RF: The timeline for these justifications that are made by Israel is very self-serving and not very convincing. Of course, you have a complex pattern of interaction. On the other hand, Israel is the occupying power, and has the international responsibility to protect the civilian population [of Gaza]. And in the case of the kidnapping on Jun 12, they had the opportunity to limit the response to an enforcement action that was done in a reasonable way. Instead they used it as a pretext for seeking to destroy Hamas as a political actor present in the West Bank; and then extending that anti-Hamas policy to the attack on Gaza. So it was clearly a way of using this initial criminal act as a means to pursue a much wider political agenda that focuses on Israel’s national ambition to control the West Bank—at least most of the West Bank, where the settlements are—and to eliminate from that reality the only viable Palestinian opposition force (because the Palestinian Authority that is nominally in control on behalf of the Palestinians of the West Bank, is in a semi-collaborationist relationship with Israel). So the attempt to get rid of Hamas as a political influence on the West Bank particularly, and to punish it severely in Gaza where it’s in control of the governing process, is a crime.

KK: Why did Netanyahu not take Abbas up on his offer to cooperate with the investigation into the kidnapping and killing of the three Israeli boys?

RF: I think it’s part of Netanyahu’s political escalation of the Israeli approach at this point. They repudiated the direct negotiations—which didn’t make much sense in the first place—but they repudiated them as a way of stating that they would no longer seriously engage in diplomacy but would impose their own solution on the conflict. And that solution involves consolidating control over the whole of Jerusalem and taking all or the most valuable parts of the West Bank and in effect annexing them to Israel.

KK: Under the Arms Control Act of 1976, governments that receive weapons from the US are required to use them for legitimate self-defense. Does the US’ arms aid to Israel violate that law?

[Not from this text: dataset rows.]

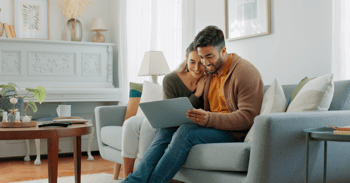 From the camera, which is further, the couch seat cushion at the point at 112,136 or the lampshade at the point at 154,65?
the lampshade at the point at 154,65

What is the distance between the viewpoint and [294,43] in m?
2.61

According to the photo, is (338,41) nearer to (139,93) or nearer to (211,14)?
(211,14)

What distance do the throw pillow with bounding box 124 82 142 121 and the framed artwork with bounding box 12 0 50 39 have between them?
6.16 ft

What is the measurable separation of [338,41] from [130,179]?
4.90ft

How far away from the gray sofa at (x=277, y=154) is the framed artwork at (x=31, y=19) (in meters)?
3.28

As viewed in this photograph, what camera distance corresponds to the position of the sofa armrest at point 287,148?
5.08 feet

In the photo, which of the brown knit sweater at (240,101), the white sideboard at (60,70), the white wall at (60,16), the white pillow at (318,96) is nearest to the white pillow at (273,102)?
→ the brown knit sweater at (240,101)

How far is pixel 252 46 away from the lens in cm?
297

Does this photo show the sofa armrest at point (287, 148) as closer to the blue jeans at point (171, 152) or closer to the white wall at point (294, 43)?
the blue jeans at point (171, 152)

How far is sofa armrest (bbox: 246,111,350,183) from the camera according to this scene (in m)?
1.55

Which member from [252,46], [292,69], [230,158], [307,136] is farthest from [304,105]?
[252,46]

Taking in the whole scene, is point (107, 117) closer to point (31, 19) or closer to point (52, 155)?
point (52, 155)

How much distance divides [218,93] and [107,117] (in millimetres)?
1365

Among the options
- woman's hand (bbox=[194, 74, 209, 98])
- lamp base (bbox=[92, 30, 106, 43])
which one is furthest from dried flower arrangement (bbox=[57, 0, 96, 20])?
woman's hand (bbox=[194, 74, 209, 98]) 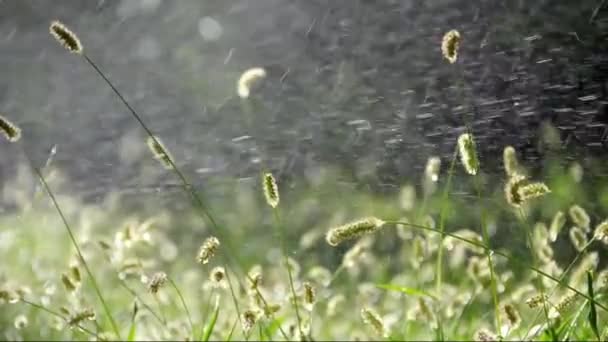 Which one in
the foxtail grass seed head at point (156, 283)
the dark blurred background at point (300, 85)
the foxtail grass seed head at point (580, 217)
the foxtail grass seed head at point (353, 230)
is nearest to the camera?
the foxtail grass seed head at point (353, 230)

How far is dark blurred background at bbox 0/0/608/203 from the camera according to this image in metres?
2.71

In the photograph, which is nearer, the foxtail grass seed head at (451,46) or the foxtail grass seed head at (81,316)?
the foxtail grass seed head at (451,46)

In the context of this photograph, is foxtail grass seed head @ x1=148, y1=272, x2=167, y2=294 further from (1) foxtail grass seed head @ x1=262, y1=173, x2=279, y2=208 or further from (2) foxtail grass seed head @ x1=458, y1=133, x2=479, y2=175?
(2) foxtail grass seed head @ x1=458, y1=133, x2=479, y2=175

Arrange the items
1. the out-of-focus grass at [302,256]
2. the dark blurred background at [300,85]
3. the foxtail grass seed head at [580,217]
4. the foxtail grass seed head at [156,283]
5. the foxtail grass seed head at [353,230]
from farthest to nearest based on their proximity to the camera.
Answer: the dark blurred background at [300,85]
the out-of-focus grass at [302,256]
the foxtail grass seed head at [580,217]
the foxtail grass seed head at [156,283]
the foxtail grass seed head at [353,230]

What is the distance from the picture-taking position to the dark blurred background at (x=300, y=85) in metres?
2.71

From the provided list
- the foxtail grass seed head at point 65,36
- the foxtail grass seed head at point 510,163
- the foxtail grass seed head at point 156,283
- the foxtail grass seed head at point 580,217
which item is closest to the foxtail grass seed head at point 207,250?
the foxtail grass seed head at point 156,283

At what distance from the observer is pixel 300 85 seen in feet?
11.8

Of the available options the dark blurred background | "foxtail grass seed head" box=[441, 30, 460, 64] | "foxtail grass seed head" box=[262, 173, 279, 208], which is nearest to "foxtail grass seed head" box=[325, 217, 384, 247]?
"foxtail grass seed head" box=[262, 173, 279, 208]

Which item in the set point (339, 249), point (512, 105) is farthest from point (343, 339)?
point (512, 105)

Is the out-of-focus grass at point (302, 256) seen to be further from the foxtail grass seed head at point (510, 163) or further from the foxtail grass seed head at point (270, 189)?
the foxtail grass seed head at point (270, 189)

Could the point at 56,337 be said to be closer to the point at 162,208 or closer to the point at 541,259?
the point at 162,208

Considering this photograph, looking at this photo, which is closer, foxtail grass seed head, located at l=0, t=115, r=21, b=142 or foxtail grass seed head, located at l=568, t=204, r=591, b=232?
foxtail grass seed head, located at l=0, t=115, r=21, b=142

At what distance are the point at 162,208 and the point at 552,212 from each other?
1.21 metres

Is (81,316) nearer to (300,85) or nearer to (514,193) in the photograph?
(514,193) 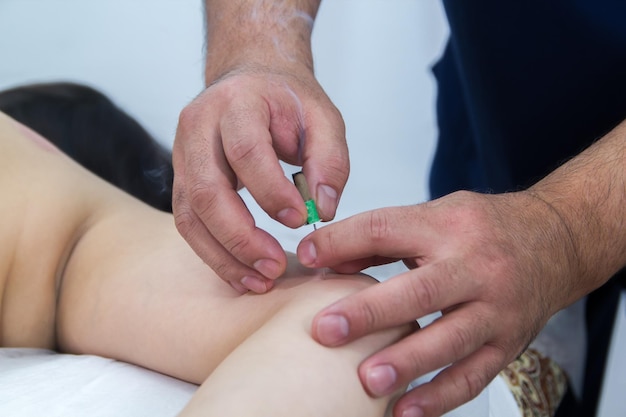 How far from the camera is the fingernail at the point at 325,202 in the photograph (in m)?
0.78

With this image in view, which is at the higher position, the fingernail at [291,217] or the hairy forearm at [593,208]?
the fingernail at [291,217]

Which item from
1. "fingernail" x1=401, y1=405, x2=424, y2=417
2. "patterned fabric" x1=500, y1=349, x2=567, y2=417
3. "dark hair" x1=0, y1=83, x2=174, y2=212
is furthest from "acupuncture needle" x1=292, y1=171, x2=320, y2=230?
"dark hair" x1=0, y1=83, x2=174, y2=212

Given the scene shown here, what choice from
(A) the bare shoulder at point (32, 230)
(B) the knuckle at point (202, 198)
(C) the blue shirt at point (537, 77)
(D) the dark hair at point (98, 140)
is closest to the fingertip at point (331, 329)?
(B) the knuckle at point (202, 198)

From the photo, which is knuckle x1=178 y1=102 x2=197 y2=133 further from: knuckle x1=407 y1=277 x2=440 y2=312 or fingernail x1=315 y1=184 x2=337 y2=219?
knuckle x1=407 y1=277 x2=440 y2=312

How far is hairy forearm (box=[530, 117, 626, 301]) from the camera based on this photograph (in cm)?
87

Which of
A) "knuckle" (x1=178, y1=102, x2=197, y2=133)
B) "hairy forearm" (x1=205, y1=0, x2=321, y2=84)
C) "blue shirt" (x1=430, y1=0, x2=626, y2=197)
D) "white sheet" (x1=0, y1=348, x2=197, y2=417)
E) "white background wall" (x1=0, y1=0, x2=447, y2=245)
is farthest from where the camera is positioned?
"white background wall" (x1=0, y1=0, x2=447, y2=245)

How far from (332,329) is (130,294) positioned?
33 centimetres

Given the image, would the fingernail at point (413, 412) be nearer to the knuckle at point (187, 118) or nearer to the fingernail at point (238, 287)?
the fingernail at point (238, 287)

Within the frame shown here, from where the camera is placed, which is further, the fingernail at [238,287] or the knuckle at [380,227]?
the fingernail at [238,287]

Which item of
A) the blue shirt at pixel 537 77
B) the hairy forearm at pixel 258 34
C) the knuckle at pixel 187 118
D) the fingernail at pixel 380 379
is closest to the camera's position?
the fingernail at pixel 380 379

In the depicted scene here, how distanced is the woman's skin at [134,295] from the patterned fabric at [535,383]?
43cm

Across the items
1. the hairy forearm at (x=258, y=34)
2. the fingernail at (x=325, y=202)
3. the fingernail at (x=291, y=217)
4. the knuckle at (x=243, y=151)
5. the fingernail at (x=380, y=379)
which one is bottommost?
the fingernail at (x=380, y=379)

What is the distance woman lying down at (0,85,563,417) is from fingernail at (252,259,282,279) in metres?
0.03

RF: Yes, definitely. From everything I’ve been saying, there’s no legal, political or moral argument that would uphold the claim that Israel is acting in legitimate self-defense. There’s been no armed attack by Hamas or Gaza; in any event, Gaza from an international law point of view, is not a foreign state but an occupied territory. It’s not clear that you can exercise self-defense in relation to a territory that you are responsible for administering in accordance with international humanitarian law.

Ken Klippenstein is a journalist based in Madison, Wisconsin, USA. He can be reached via twitter @kenklippenstein or email:





21 Responses to “Gaza Interview”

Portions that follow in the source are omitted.